Belli bir grup kimse toplanarak bir kimseyi katledecek olurlarsa onun katline iştirak eden bu grubun tamamı kısasen katlonulur. Bunu İmam Hz. Ömer ifade etmiş, Yemen’de Sanâ’da bu şekilde katle­dilen bir maktul hakkında bu cezayı aynen uygulamıştır. Bu konuda Hz. Ömer ay­nen şöyle söylemiştir; “Eğer bu maktulü öldürmekte Sana halkının tamamı birara­ya gelip bu cinayeti izleselerdi onların tamamını kısasen katlederdim.” 

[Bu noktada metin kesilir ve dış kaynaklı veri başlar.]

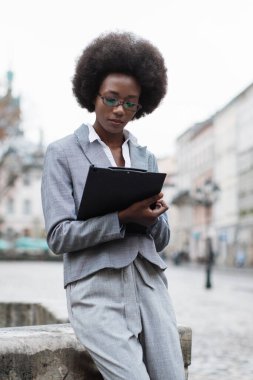 Afro saçlı, gözlüklü, takım elbiseli, şehir merkezinde elinde bir pano tutan profesyonel bir siyahi kadın.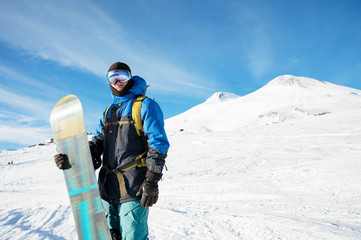 A professional snowboarder stands with his snowboard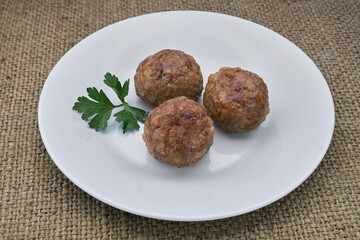 Cutlets on a white plate on the table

Not: Ayetin nüzul sebebini oluşturan Ureyne kabilesi, İslâm’dan döndüler,çobanı öldürdüler ve zekat develerini de sürüp götürdüler.Bunun üzerine Rasulullah hemen peşlerinden adam gönderdi, onları yakalattı, ellerini ve ayaklarını kestirdi ve gözlerini de oydurdu. Sonra da onları ölünceye kadar güneşe terk etti.Her ne kadar Ureyne kabilesi yol kesip soygun yapmışsa da bence bunlara verilen ceza yol kesip soygun yaptıkları için değil ayette belirtildiği gibi Allaha ve Resulunun düzenine karşı çıktıkları içindir.Bu ayet özelde bu suçları kapsadığı gibi genel de İslami otoriteye karşı içlenen silahlı ve şiddet içeren  suçlar kapsamında değerlendirilmesi kanaatimce daha doğrudur.






MÜSLÜMAN İKİ TARAF SAVAŞIYORSA
Ayet :
“Eğer mü’minlerden iki taife çarpışacak olursa onların aralarını düzeltin. Şayet biri diğeri üzerine saldırırsa;saldıranlarla Allah’ın buyruğuna dönünceye kadar savaşın. Eğer dönerlerse artık adaletle aralarını bulun ve adil davranın. Şüphesiz ki Allah adil davrananları sever.” (Hucurat:9)


Hadis:
“Müslümanın Müslümana sövmesi fasıklıktır, çarpışması ise küfürdür.” Buhari, Müslim, Tirmizi, Nesei ve Ahmed b. Hanbel
Müslüman iki taraf savaşıyorsa kafirlerden yardım alması, kafire müslüman kanı akıttığı için uygun değildir.


Not: 
Müslümanlar devlete isyan ettiklerinde, önce uyarılır, sonra savaşılır. Savaştan önce uyarılmaları şarttır. Savaşta,bu kişiler müslüman olduğu için kaçan kovalanmaz, yaralı ve esirler öldürülmez, malları zapt edilmez. ( Ayaklananlar yenilir ve kaçarlarsa, sığındıklarında güç oluşturabilecekleri bir toplulukları varsa, takip edilip öldürülebilirler. Aksi halde kaçanlar takip edilip öldürülmezler. ) Çocukları esir edilmez. Zaruret bulunmadıkça, evleri, paraları, ürünleri tahrip edilmez. Zira bu savaşın amacı, yok etmek değil, yola getirmektir şeklinde görüş de vardır. İsyancılara karşı savaşmak bir meşru müdafaa hareketi olup amacı asileri itaate zorlamaktır. Şayet bu bir ceza olarak düşünülseydi, savaşta isyancıların yenilmesinden sonra yakalanan esirlerin cezasının da idam olması gerekirdi. Halbuki isyan bastırıldıktan sonra ölüm cezası verilemeyeceği, uygun bir ta'zir cezası verileceği hususunda Ebu Hanife dışındaki hukukçular görüş birliği içindedirler.